The department revealed that the houses for qualifying military veterans have unique features that include two bedrooms, a kitchen with a stove, a car port, bathroom, plastering, ceiling installation, electricity and fencing.
Gauteng Department of Human Settlements spokesperson Keith Khoza tells Infrastructure that the Military Veterans’ Housing project remains fundamental in addressing the economically impoverished state in which many of these individuals find themselves.
“The Department of Human Settlements aims to alleviate the pressure of the destitute circumstances in which these elderly military veterans find themselves.
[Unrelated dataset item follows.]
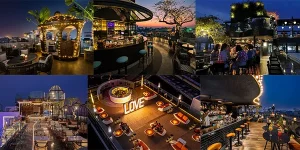 bar sang trọng ở Hà Nội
This strategic priority and project demonstrates the pivotal role that the infrastructure development plays in uplifting the socio-economic circumstances of all South Africans.
“The Constitution speaks of shelter as an inherent right of all and shelter helps provide a sense of comfort and decency to those who are homeless or in challenging situations – and this at the heart of everyone’s entitlement as a basic human right.”
Khoza explains that in Gauteng, the department is working with the South African Military Veterans Association to establish and consolidate the actual number of houses that needs to be built. He explains that previously many of these military veterans qualified under the Reconstruction and Development Programme for Housing. “Now that we have a project which directly addresses military veterans, we will bed down the numbers in line with the qualification process outlined for this programme.”
“In order to fast-track and support the initiative of redressing the past injustices and honouring the heroes and heroines of our liberation, a number of private sector initiatives were undertaken,” explains Kibiti Ntshumaelo, MD at Lekwa Consulting Engineers. Lekwa is a medium-scale, fully representative black and diverse civil engineering consulting firm established in 2002.
“Lekwa decided to get involved in this project because giving is part our mission statement, which undoubtedly states that our company is committed to sustainable and community-related projects that drive socio-economic growth. There are many South Africans who fought hard for liberation, and, as a truly empowered proudly South African company, Lekwa prides itself in getting involved in projects such as these.”
He explains that. as part of its social investment strategy, the company committed to build a house that comprises three bedrooms, a bathroom, an open-plan kitchen and a living room for one elderly ex-military veteran couple. “As part of ploughing back to the community, Lekwa Consulting Engineers had identified an elderly military couple who resided at the corner of Boulder Road and Hill Road, Midvaal Plot 10/59, De Deur, and committed to building this couple a 62m² house. The beneficiaries are former military veterans who have been residing since 2005 in a shack on a plot purchased in 1997.”
Ntshumaelo explained that the construction period for the project was three months. “The project would have not been a success had it not been for the help of our co-sponsor Tile Africa. Local labourers and all materials were acquired locally.”
Meanwhile, outside of the Military Veterans Housing Project, Lekwa Consulting Engineers also built a four-roomed, 40m² house for a 77-year-old female in Orange Farm Extension 2.
“Living in a two-roomed shack for the past
19 years, the individual indicated to the team that she had already lost hope of ever being able to get a house of her own, and that she would die living in a shack.
“The project saw other key players come on board, including Tile Africa; Lewis Furniture store (Orange Farm); Dezzo and Newcom Plumbing,” explains Ntshumaelo.
The company also employed local labourers on this project, which took about two months to construct.